Secretary of State Antony Blinken apologized to the United Arab Emirates (UAE) last month for the US response to attacks on the emirates from Yemen's Houthi rebels, according to a report published Wednesday.
Blinken issued the apology to Crown Prince Mohamed bin Zayed al-Nahyan during a meeting last month in Morocco, the Axios news website reported.
The UAE was frustrated about the U.S. response to Houthi attacks just as Washington has been vexed by Abu Dhabi's response to Russia's war against Ukraine.
Washington has been pushing allies, including long-standing partners in the Gulf, to adopt a hard line against Russia's aggression. But the emirates and other Gulf Arab allies, including Saudi Arabia, have maintained a neutral if not pro-Russian policy.
The Emirates abstained from a Security Council vote in February condemning Russia's assault. It also abstained from last week's U.N. General Assembly vote that booted Russia from the Human Rights Council.
Blinken told bin Zayed that the Biden administration took too long to respond to the Houthi attacks on the emirates, and apologized, Axios reported.
A senior State Department official who spoke to Axios on condition of anonymity did not deny that Blinken conveyed the U.S. apology but did not comment on the private diplomatic discussions.
“The Secretary made clear that we deeply value our partnership with the UAE and that we will continue to stand by our partners in the face of common threats," the official said.
But the response to the Houthi attacks was just one of several significant strains on the bilateral relationship.
In addition to Abu Dhabi's displeasure with the US response to the attacks, the UAE has also been frustrated with the Biden administration's refusal to reimpose a terrorist designation on the Houthis.

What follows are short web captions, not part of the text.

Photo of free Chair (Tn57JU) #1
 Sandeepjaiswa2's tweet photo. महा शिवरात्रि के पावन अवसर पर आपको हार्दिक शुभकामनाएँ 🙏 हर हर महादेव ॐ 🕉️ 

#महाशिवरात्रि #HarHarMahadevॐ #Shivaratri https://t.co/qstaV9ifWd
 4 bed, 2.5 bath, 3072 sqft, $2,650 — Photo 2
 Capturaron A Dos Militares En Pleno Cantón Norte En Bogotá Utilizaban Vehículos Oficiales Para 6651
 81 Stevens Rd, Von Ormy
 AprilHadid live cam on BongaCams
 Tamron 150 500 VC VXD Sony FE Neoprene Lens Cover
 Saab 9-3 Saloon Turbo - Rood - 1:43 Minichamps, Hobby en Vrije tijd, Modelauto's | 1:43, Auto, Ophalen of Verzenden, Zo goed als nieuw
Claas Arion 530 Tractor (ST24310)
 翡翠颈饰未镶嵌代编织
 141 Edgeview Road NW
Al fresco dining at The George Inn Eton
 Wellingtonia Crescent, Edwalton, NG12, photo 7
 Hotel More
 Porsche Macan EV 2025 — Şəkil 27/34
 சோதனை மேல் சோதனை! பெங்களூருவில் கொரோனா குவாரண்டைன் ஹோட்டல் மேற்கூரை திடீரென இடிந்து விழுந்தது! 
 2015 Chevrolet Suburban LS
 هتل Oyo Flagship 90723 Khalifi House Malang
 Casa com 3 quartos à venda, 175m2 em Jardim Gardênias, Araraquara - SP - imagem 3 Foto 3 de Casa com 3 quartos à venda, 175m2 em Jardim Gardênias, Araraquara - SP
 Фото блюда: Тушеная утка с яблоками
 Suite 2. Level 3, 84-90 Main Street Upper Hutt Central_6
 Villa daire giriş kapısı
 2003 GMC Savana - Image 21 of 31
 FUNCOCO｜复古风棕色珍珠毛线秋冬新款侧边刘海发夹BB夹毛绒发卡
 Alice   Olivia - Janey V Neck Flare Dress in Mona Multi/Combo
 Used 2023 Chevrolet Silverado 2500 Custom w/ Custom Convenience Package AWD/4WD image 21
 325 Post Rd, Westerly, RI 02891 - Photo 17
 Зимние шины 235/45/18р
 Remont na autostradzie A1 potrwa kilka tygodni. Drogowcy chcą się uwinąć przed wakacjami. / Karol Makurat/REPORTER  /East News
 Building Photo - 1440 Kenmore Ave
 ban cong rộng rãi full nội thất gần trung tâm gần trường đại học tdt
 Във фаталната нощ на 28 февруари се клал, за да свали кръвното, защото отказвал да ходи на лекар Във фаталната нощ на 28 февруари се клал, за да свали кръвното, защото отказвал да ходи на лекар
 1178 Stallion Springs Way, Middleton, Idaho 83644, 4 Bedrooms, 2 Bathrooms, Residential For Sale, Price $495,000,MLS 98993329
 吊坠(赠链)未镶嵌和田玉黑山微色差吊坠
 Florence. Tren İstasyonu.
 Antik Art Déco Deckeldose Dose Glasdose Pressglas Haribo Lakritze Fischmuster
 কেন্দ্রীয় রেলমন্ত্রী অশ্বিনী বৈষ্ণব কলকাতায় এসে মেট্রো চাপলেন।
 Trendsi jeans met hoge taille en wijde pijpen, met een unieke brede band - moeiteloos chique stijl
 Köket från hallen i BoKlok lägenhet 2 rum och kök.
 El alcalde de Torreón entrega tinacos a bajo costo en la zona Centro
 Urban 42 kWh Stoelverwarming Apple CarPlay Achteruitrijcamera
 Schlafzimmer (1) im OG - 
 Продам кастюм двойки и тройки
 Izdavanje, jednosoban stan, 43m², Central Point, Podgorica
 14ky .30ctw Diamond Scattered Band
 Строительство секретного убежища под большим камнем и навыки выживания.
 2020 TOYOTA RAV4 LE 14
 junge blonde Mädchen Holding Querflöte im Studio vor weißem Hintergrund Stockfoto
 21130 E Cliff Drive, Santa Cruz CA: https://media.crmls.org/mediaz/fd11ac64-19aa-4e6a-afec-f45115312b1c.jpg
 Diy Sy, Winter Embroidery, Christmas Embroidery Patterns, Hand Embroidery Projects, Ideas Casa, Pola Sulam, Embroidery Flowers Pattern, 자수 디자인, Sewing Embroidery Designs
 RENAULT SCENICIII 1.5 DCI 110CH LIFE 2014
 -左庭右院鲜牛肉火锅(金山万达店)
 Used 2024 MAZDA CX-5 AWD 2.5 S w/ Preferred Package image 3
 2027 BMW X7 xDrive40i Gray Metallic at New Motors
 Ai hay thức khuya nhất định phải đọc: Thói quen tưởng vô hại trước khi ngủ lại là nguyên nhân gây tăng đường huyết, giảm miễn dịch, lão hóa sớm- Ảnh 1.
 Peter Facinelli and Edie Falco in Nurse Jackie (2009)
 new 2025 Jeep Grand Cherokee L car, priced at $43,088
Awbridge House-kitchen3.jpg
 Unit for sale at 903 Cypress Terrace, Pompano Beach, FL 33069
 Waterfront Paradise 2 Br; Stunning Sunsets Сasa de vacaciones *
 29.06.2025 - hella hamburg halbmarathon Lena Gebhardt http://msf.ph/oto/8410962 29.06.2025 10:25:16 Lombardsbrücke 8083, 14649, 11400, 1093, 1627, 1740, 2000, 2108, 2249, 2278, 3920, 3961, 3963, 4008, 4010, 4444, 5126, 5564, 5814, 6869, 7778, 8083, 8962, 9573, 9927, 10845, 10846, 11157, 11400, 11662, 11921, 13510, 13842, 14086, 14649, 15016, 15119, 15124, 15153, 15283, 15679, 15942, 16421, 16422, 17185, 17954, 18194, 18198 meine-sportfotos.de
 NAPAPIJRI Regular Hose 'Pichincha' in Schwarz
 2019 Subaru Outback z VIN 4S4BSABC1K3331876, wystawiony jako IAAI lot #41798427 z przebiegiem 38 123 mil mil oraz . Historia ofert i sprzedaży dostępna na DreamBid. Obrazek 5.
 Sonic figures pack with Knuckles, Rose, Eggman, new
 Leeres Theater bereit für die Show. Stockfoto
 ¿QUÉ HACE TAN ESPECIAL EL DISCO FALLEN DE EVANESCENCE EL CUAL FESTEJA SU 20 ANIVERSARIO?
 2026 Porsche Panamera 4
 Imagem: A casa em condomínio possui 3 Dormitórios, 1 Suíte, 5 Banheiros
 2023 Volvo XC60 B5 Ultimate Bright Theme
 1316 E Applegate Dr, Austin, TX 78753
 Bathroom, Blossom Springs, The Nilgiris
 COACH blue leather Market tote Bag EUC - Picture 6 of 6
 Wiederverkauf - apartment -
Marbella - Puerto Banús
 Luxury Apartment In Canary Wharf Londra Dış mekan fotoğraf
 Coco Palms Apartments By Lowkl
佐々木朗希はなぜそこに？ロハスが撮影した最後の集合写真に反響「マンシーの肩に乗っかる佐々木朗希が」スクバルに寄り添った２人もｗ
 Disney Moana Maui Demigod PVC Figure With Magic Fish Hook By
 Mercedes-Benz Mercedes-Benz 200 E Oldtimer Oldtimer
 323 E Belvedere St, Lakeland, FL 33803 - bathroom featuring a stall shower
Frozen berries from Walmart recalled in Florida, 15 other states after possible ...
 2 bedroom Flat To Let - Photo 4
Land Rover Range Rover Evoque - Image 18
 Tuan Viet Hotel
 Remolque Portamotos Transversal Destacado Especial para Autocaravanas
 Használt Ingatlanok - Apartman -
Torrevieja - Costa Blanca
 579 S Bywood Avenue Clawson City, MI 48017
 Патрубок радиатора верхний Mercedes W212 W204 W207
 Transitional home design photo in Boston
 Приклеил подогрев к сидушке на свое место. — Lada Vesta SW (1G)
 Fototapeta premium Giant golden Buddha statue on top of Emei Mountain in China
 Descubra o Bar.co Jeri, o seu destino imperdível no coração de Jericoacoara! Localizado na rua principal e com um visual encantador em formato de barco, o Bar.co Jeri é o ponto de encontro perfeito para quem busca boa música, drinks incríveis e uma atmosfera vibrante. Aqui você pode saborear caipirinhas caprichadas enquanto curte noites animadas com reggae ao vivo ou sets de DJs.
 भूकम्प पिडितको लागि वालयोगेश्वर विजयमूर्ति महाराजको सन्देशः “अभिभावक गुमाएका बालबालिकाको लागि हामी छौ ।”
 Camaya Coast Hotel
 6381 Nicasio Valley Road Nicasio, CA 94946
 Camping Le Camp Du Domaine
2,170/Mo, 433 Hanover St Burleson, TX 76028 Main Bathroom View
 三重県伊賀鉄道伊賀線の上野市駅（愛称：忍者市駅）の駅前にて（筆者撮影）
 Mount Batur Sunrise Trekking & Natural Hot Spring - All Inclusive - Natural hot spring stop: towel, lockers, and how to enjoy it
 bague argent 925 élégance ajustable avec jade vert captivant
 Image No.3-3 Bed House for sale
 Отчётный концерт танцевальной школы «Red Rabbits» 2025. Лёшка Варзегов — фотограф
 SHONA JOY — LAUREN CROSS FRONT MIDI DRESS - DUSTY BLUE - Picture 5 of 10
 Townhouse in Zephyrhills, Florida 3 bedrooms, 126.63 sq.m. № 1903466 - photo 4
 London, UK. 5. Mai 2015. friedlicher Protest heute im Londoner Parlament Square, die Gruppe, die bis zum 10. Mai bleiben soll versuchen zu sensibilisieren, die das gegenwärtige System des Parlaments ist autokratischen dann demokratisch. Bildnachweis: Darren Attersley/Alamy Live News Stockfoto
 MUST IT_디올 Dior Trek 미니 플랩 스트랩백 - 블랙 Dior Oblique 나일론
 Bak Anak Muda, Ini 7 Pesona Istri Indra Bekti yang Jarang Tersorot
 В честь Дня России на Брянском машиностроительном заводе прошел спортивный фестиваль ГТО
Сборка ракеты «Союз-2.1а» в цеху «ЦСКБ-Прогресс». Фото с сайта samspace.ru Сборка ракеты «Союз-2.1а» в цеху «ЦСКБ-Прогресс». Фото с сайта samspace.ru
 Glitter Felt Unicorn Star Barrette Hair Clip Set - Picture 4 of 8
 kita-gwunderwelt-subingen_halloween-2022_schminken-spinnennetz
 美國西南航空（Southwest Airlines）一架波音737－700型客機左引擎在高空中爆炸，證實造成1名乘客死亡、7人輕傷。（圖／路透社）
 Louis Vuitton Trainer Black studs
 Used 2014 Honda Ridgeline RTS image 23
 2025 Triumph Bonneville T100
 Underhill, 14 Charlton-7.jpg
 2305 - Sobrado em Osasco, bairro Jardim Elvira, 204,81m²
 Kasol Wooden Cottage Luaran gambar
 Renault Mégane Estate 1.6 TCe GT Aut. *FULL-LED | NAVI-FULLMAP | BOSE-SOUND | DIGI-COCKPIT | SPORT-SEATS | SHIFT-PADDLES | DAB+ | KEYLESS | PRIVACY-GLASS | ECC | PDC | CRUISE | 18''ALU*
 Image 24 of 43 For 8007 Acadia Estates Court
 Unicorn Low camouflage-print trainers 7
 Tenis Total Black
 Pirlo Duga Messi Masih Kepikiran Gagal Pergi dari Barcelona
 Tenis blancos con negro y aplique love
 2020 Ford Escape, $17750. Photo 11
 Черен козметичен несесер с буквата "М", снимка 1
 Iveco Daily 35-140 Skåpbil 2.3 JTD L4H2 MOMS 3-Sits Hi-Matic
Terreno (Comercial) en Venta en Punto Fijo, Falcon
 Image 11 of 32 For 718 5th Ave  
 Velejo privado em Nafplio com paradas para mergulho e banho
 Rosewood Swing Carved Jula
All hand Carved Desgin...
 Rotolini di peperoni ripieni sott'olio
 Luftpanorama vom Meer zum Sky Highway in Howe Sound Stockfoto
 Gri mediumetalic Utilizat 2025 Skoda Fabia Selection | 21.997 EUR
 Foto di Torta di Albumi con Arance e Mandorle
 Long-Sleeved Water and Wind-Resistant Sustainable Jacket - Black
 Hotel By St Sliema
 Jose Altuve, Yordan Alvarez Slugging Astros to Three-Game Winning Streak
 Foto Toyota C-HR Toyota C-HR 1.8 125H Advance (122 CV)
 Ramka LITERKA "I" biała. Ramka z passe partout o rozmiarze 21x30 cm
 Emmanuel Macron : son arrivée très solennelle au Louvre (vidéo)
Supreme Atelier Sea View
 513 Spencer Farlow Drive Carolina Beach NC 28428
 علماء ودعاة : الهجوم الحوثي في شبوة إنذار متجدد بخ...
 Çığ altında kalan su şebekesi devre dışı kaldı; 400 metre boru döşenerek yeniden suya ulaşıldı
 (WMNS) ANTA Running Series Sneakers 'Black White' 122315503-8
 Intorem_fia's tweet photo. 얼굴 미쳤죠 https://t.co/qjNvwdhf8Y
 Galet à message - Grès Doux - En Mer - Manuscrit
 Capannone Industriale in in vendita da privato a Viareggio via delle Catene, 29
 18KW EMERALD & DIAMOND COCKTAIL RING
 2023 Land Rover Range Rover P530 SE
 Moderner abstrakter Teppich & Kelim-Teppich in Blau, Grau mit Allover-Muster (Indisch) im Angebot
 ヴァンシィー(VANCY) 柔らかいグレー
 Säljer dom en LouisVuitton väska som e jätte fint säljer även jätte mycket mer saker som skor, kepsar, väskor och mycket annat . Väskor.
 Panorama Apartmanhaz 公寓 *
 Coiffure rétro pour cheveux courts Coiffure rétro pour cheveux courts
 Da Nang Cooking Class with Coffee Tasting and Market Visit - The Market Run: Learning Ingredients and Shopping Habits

The U.S. under President Joe Biden reversed course on his predecessor's designation due to the humanitarian implications of the labeling. The Houthis remain in control of wide swathes of Yemen, which is in the midst of a devastating famine and widespread suffering caused by years of conflict.
Humanitarian groups warned that labeling them a terror group would complicate the delivery of direly-needed aid.